Timing antigenic escape in multiple myeloma treated with T-cell redirecting immunotherapies

Abstract

Recent data highlight genomic events driving antigen escape as a recurring cause of chimeric antigen receptor T-cell (CAR-T) and bispecific T-cell engager (TCE) resistance in multiple myeloma (MM). Yet, it remains unclear if these events, leading to clonal dominance at progression, result from acquisition under treatment selection or selection of pre-existing undetectable clones. This differentiation gains importance as these immunotherapies progress to earlier lines of treatment, prompting the need for innovative diagnostic testing to detect these events early on. By reconstructing phylogenetic trees and exploring chemotherapy mutational signatures as temporal barcodes in 11 relapsed refractory MM patients with available whole genome sequencing data before and after CART/TCE treatment, we demonstrated that somatic antigen escape mechanisms for BCMA- and GPRC5D-targeting therapies are acquired post-diagnosis, likely during CART/TCE treatment. Longitudinal tracking of these mutations using digital PCR in 4 patients consistently showed that genomic events promoting antigen escape were not detectable during the initial months of therapy but began to emerge nearly 1 year post therapy initiation. This finding reduces the necessity for a diagnostic panel to identify these events before CART/TCE. Instead, it underscores the importance of surveillance and identifying patients at higher risk of acquiring these events.

Keywords: BCMA; GPRC5D; bispecific T cell engager; chimeric antigen receptor T-cell; genomics; immunotherapy; multiple myeloma.

Figure 1:. Timing antigen escape mechanisms in RRMM treated with CART/TCE.

Selected cases for timing the acquisition of TCE/CART antigen escape mutations. Clusters in the phylogenetic tree were reconstructed using DPClust. Branch length is proportional to the number of single base substitution (SBS) in each cluster. Antigen escape variants are color-coded according to the cluster in which they are found. Mutational signatures analyses were run on clusters with >50 SBS. For example, Cluster #4B in MM-17 had 7 mutations and so mutational signature fitting was not performed. In MM-31 Cluster #0 grouped all the subclonal variants detected at relapse after TCE anti-GPRC5D. Presence of convergent evolution with 4 different and independent subclones was previously demonstrated by phasing reads. This is why the cluster appeared split in the three but is reported as one for the SBS analysis. PFS, Progression-Free Survival.

Figure 2:. Tracking onset of mutations on TNFRSF17 over time in RRMM treated with CART/TCE.

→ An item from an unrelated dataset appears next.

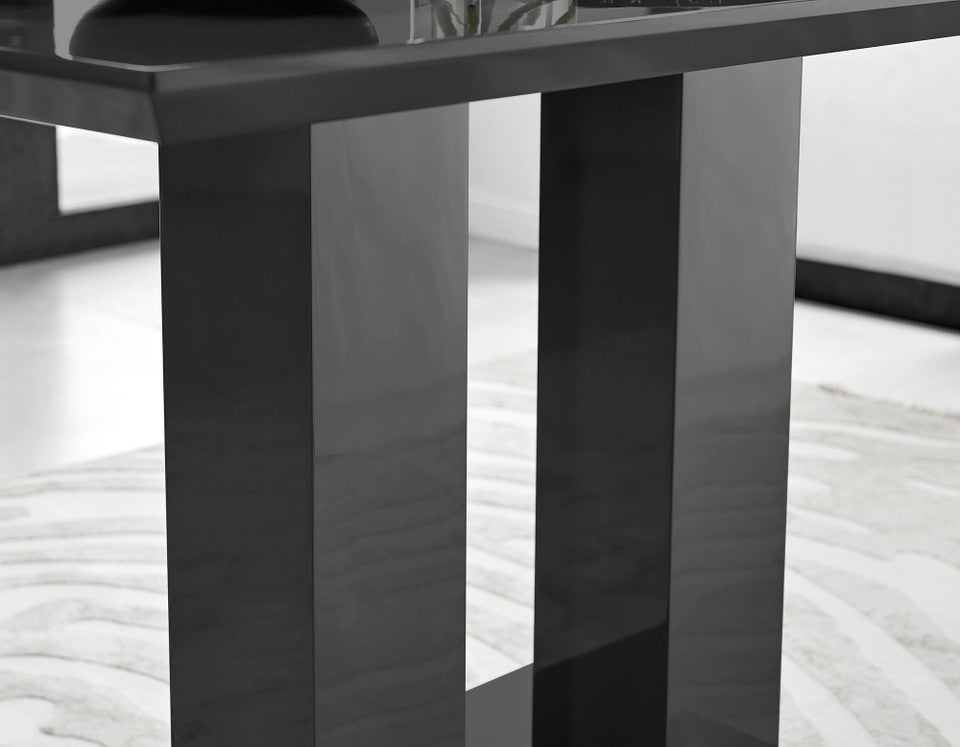 Imperia 4 Black Dining Table and 4 Pesaro Black Leg Chairs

ddPCR reveals the emergence of TNFRSF17 mutants at later time points post TCE therapy initiation. Plots depict the serial measurements of the serum M-protein by serum electrophoresis or free light chain studies (solid black line), the percent of the bone marrow plasma cells (BMPC %, red bars), the donut plots indicate TNFRSF17 WT and mutants VAF and the grey zone reflects the time of biochemical or clinical relapse.